Confessa que marcou 35 penaltys dessa maneira e só falhou um. Durante os anos, muitas vezes se pergunta o que teria acontecido se essa falha tivesse sido na decisão de 76.

Conta Hugo Sanchez, uma autoridade quando se trata de falar em grandes goleadores, que um dia, durante um jogo disputado numa cancha mexicana, um árbitro muito astuto marcou três penaltys, todos a favor da mesma equipa, mas, embora trocando sempre de marcador, ela falhou-os todos.

No último minuto, o árbitro, sempre “olho-vivo”, marcou um quarto penalty para o mesmo lado. O jogo estava empatado. Um teimoso 0-0. Nas bancadas os hinchas voltaram a levantar-se para assistir ao grande momento que poderia dar a vitória.

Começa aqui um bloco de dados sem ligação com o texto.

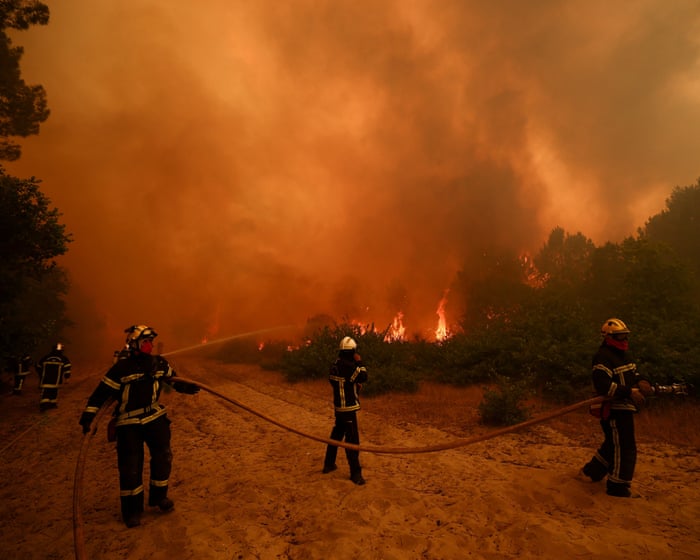 How dangerous are wildfires and how can we stop them from getting worse?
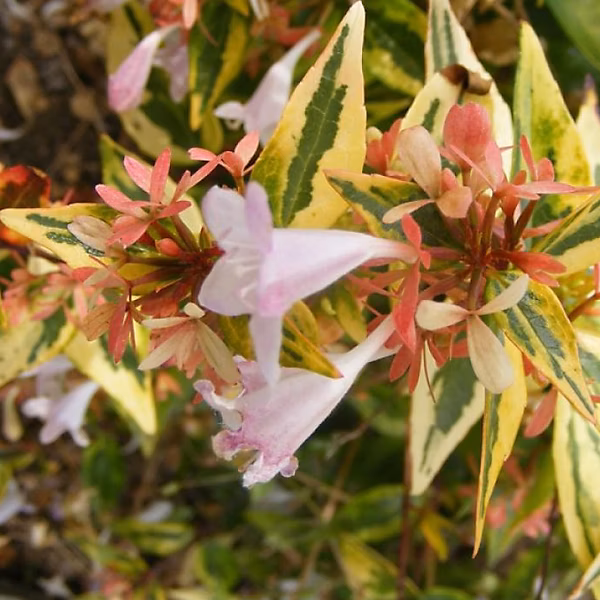 2 x Abelia 'Francis Moon' – Abelia grandiflora 'Francis mason', 25-30 cm pot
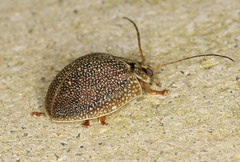 Paropsis intermedia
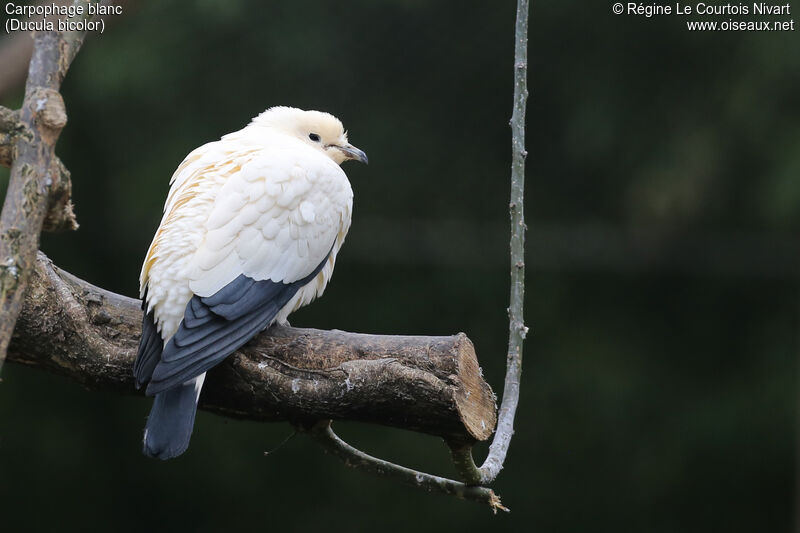 Pied Imperial Pigeon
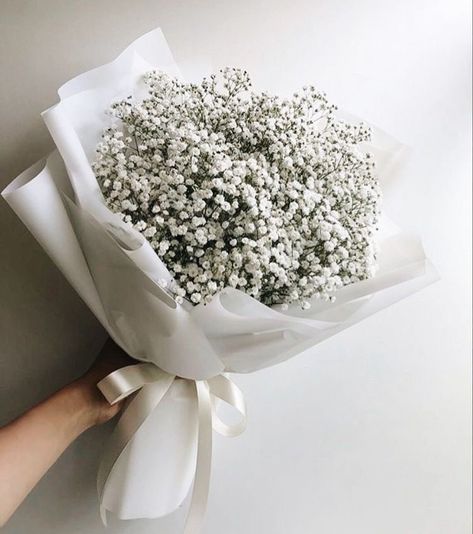 Baby's Breath, White Flowers, Flowers, White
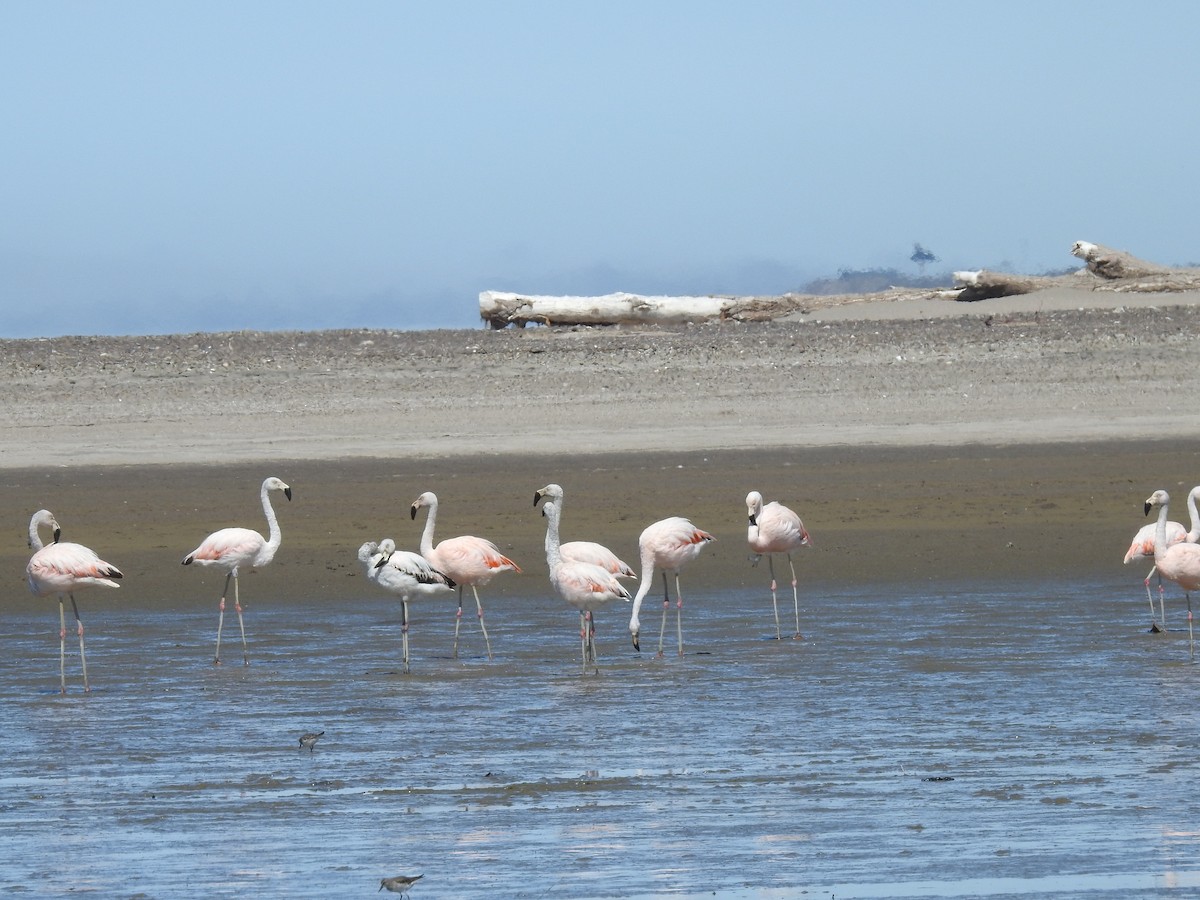 Chilean Flamingo - ML619538053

Aterrorizado, no entanto, o capitão de equipa, assustado com a possibilidade de voltar a falhá-lo, chegou junto do árbitro e, em surdina, pediu-lhe que o troca-se por um pontapé de canto...

Perdida entre o mundo real e o imaginário, esta história, algo caricata, espelha, no entanto, a dimensão dramática que o penalty adquire num jogo de futebol, o único momento em que o carrasco se pode tornar, subitamente, vítima, provando como está errada aquela velha teoria da “angústia do guarda redes no momento do penalty”. Angústia tem o avançado que o vai marcar. Para o guarda redes é, apenas, a grande oportunidade de se tornar herói.

panenkafala

 

Antonín Panenka foi um dos grande jogadores da história do futebol checo, mas, apesar das grandes exibições realizadas, nas frias noites europeias, com a camisola do Bohemians, o clube da sua vida, ou da velha selecção da Checoslováquia, a dimensão global da sua carreira acabaria por ser devorada por um simples penalty que cobrou na final do Europeu 1976.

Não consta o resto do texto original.